START PROVIDED ENTRIES

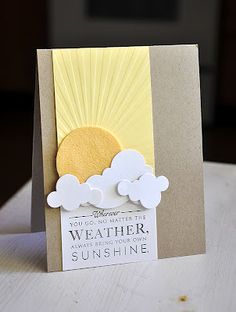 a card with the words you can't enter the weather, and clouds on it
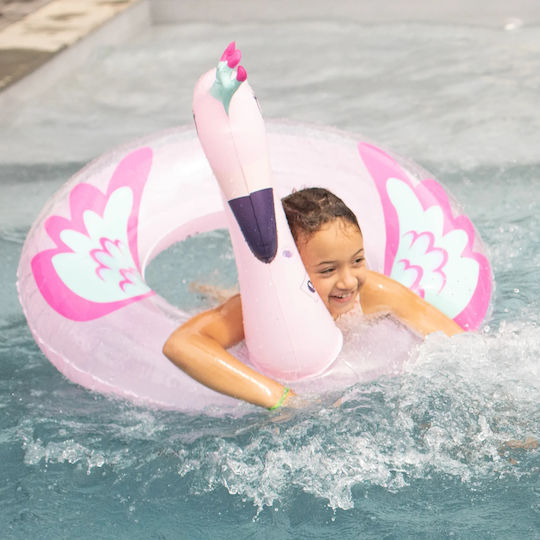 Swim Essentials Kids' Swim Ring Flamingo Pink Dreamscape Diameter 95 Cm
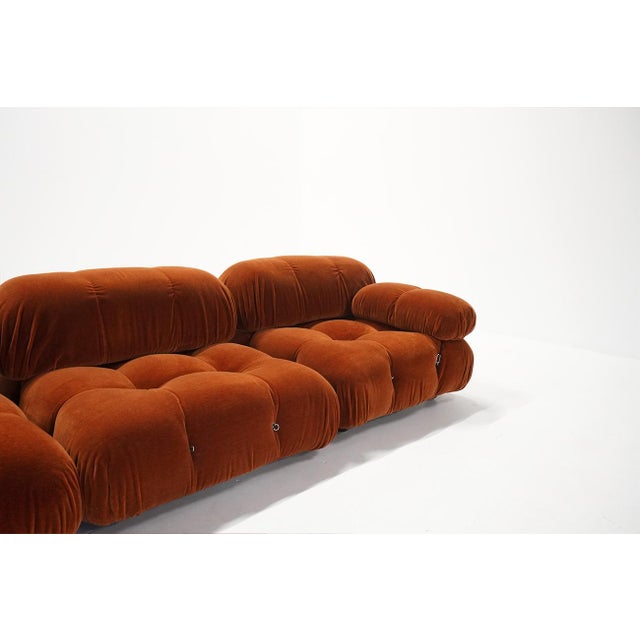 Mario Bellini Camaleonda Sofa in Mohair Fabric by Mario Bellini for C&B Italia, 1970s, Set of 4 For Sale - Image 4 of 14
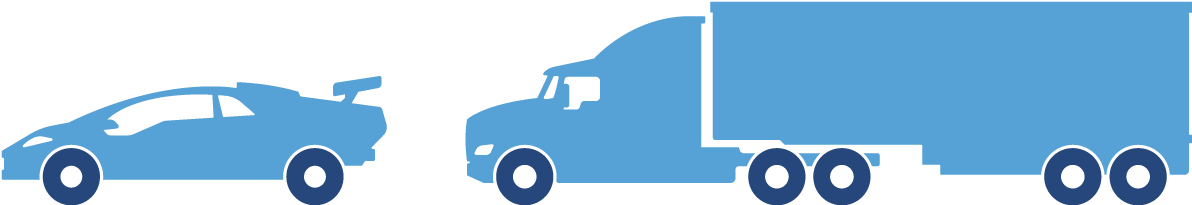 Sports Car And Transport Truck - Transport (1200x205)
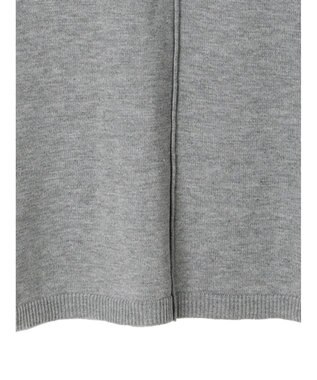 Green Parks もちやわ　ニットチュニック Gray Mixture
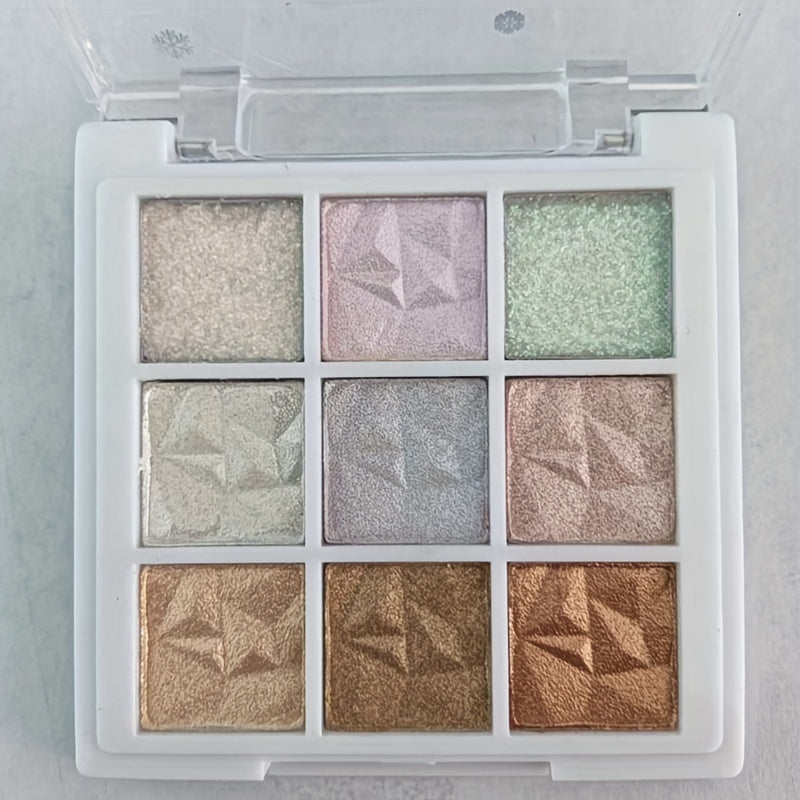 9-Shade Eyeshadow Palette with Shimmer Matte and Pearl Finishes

END PROVIDED ENTRIES

» TASK OBJECTIVE
Only the pictures are to be omitted; the records above must otherwise be reproduced exactly.

» SOLUTION TO THE PROBLEM
 a card with the words you can't enter the weather, and clouds on it
 Swim Essentials Kids' Swim Ring Flamingo Pink Dreamscape Diameter 95 Cm
 Mario Bellini Camaleonda Sofa in Mohair Fabric by Mario Bellini for C&B Italia, 1970s, Set of 4 For Sale - Image 4 of 14
 Sports Car And Transport Truck - Transport (1200x205)
 Green Parks もちやわ　ニットチュニック Gray Mixture
 9-Shade Eyeshadow Palette with Shimmer Matte and Pearl Finishes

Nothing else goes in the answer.